I am using doctr to perform OCR on an skewed image. Something like:
Although the OCR accurately recognizes the words, the text returned is organized based on the coordinates of the skewed image. As a result, when I try to combine the words into a coherent string, the output becomes complete gibberish.
The main problem is in the lines:
World War ml or the
was a global conflict Second World War (1
the world's
between two coalitions: September 1939 - 2
Instead of extracting the actual lines as they appear in the image, I think it takes a horizontal alignment.
I tried sorting in different ways, and using different parameters, but all of them fall short.
What I found to work, is to de-skew the image with another library and then ocr the result.
And now, I get proper lines:
World War ml or the Second World War (1 September 1939 - 2 September 1945)
was a global conflict between two coalitions: the Allies and the Axis powers.

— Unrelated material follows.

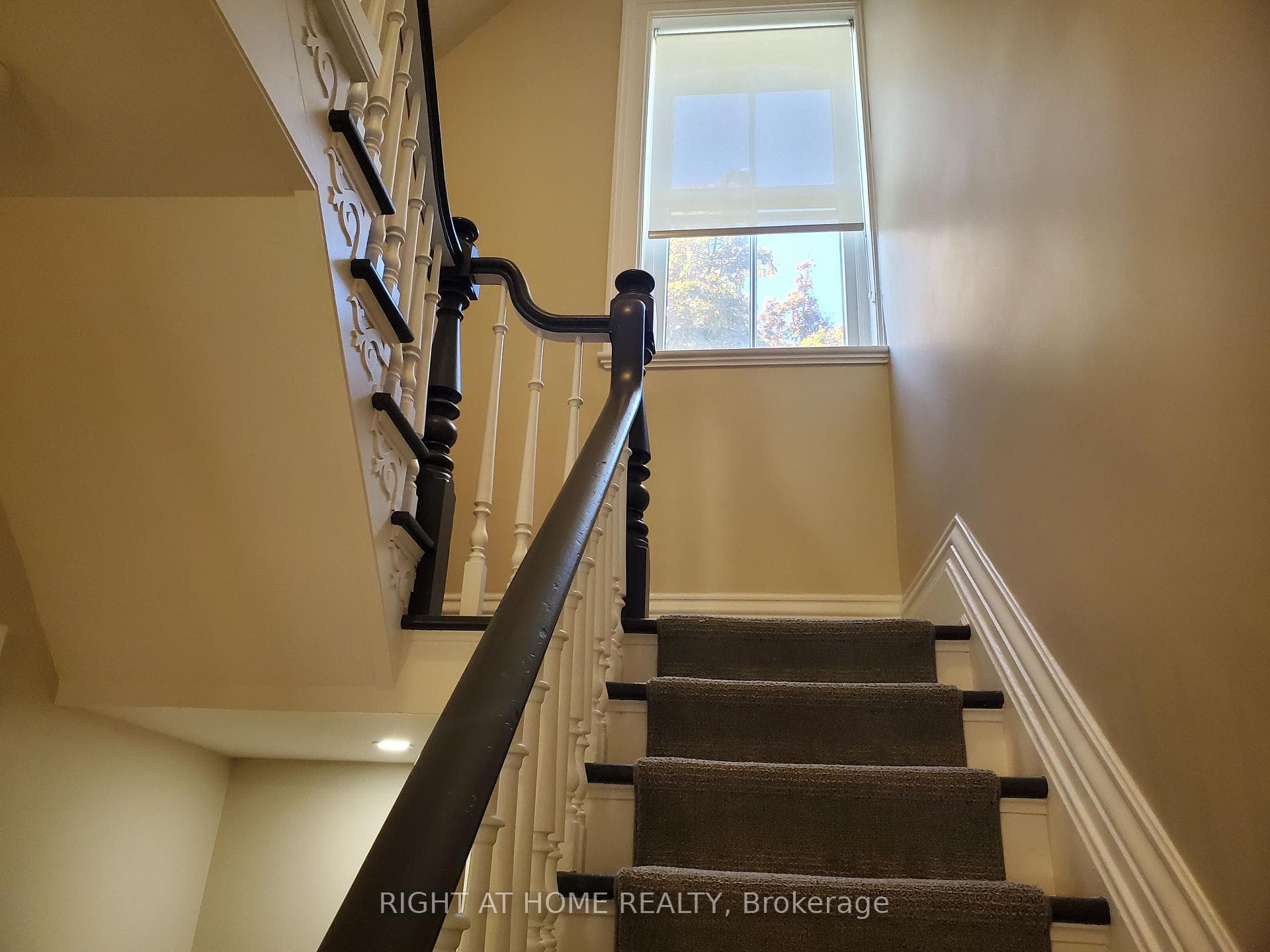 10058 Yonge Street photo 15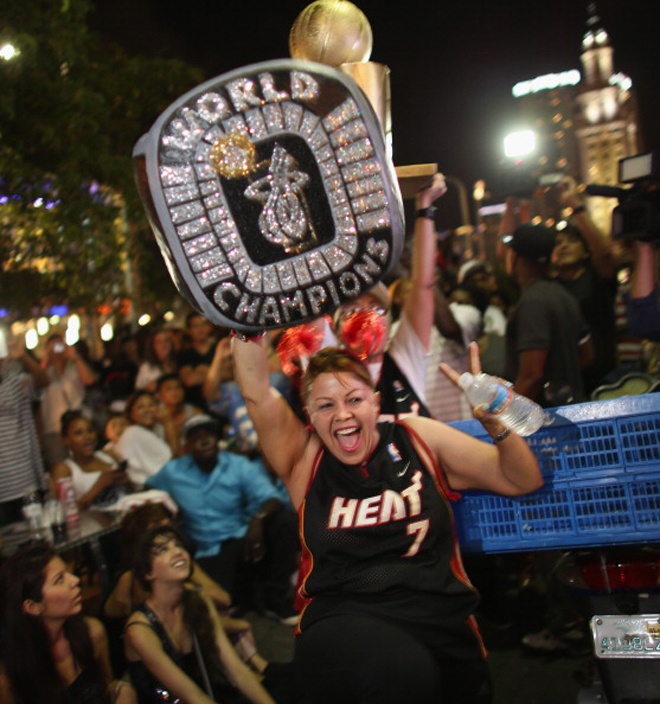 NBA: Έτσι το… έκαψαν στο Μαϊάμι για τους πρωταθλητές (photos)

Nearly all
the worid's countres--including all the great powers--particpated, with many investing
all available economic, industrial, and scientific capabilities in pursuit of total war,
This works, but I am certain, that there must be a way to directly do this from doctr without de-skewing first.
Code:
def read_pdf(file_path):
model = ocr_predictor(
det_arch='db_resnet50',
reco_arch='crnn_vgg16_bn',
pretrained=True,
export_as_straight_boxes=True,
detect_orientation=True
)
doc = DocumentFile.from_pdf(file_path)
result = model(doc)
full_text = []
for page in result.pages:
page_text = []
for block in page.blocks:
for line in block.lines:
line_text = ' '.join([word.value for word in sorted(line.words, key=lambda w: w.geometry[0][0])])
page_text.append("\n" + line_text)
full_text.append(' '.join(page_text))
return ' '.join(full_text)
The answer was setting straighten_pages=True
, as a parameter to the model.
EX:
model = ocr_predictor(
det_arch="fast_base",
reco_arch="parseq",
pretrained=True,
straighten_pages=True, # This corrects deskew under the hood
)